Marines drafting plan to send more troops to Afghanistan

Top officers have met repeatedly to consider deploying 15,000 troops to join the 30,000 already there to fight the Taliban and other insurgents.

Reporting from Marine Headquarters At Al Asad, Iraq -- Marine Corps leaders are devising a plan to send thousands of additional combat troops to Afghanistan to wage aggressive warfare against the Taliban that they expect could take years.

The Marines would like to deploy more than 15,000 troops if Defense Secretary Robert M. Gates and Army Gen. David H. Petraeus, newly named head of the U.S. Central Command, approve. About 2,300 Marines have already been sent to Afghanistan to replace units from Twentynine Palms, Calif., and Camp Lejeune, N.C., that are returning home after eight months.

Gates said Friday that he wanted to supplement the more than 30,000 American troops, mostly from the Army, already in Afghanistan.

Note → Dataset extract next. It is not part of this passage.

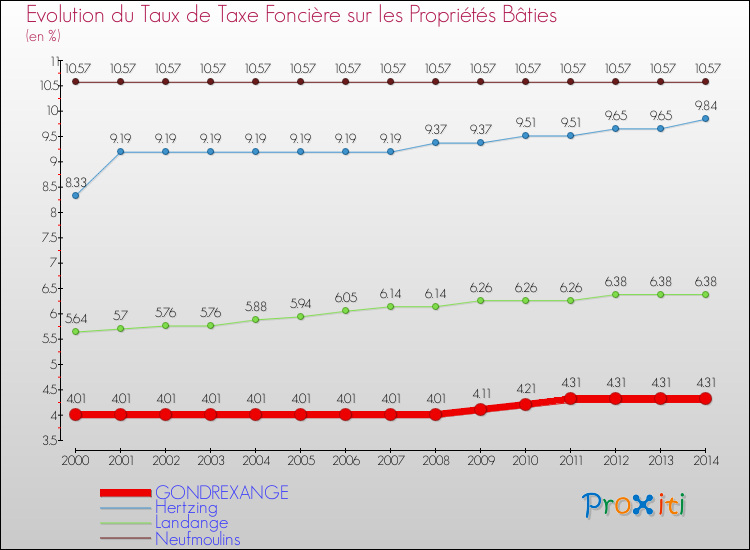 Evolution du taux de la taxe foncière sur le bati pour GONDREXANGE et les communes proches de 2000 à 2014 Comparaison des taux de taxe foncière sur le bati pour GONDREXANGE et les communes voisines de 2000 à 2014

An additional 30,000 troops from other North Atlantic Treaty Organization countries and allies are also stationed in Afghanistan to combat the Taliban and other Islamist insurgent forces.

The office of Afghan President Hamid Karzai said Sunday that President-elect Barack Obama called Karzai during the weekend to say his administration would dedicate additional aid to fight militant groups in Afghanistan, the Associated Press reported.

The Marine proposal was shaped during a series of meetings in Afghanistan, Iraq and Bahrain in the last week involving generals and other top officers. Marine Commandant Gen. James T. Conway was in contact with a group headed by Lt. Gen. Samuel Helland, commanding general of the Marine Force Central Command, traveling from base to base.

"Treat every day as a combat mission," Helland wrote in a battle plan for one of his commanders. "Have a plan to kill the enemy hiding among the innocent."

The Marines have long made no secret of their desire to depart from Iraq and redeploy to Afghanistan, where they were the first conventional U.S. troops in 2001 to invade the country to assist local forces in toppling the Taliban regime.

Finding troops will not be easy unless there is a significant drawdown in Iraq, where Marines have been deployed to Anbar province, west of Baghdad, since 2004. The Marines have about 22,000 troops in the sprawling province, assigned mostly to back up Iraqi security forces if the Sunni Arab insurgency attempts to rebound.

Maj. Gen. John Kelly, the top Marine in Iraq, who met with Helland last week, said there could be a "significant" reduction in Anbar within months without endangering progress made toward routing the insurgency and strengthening the Iraqi economy, political structure and security forces.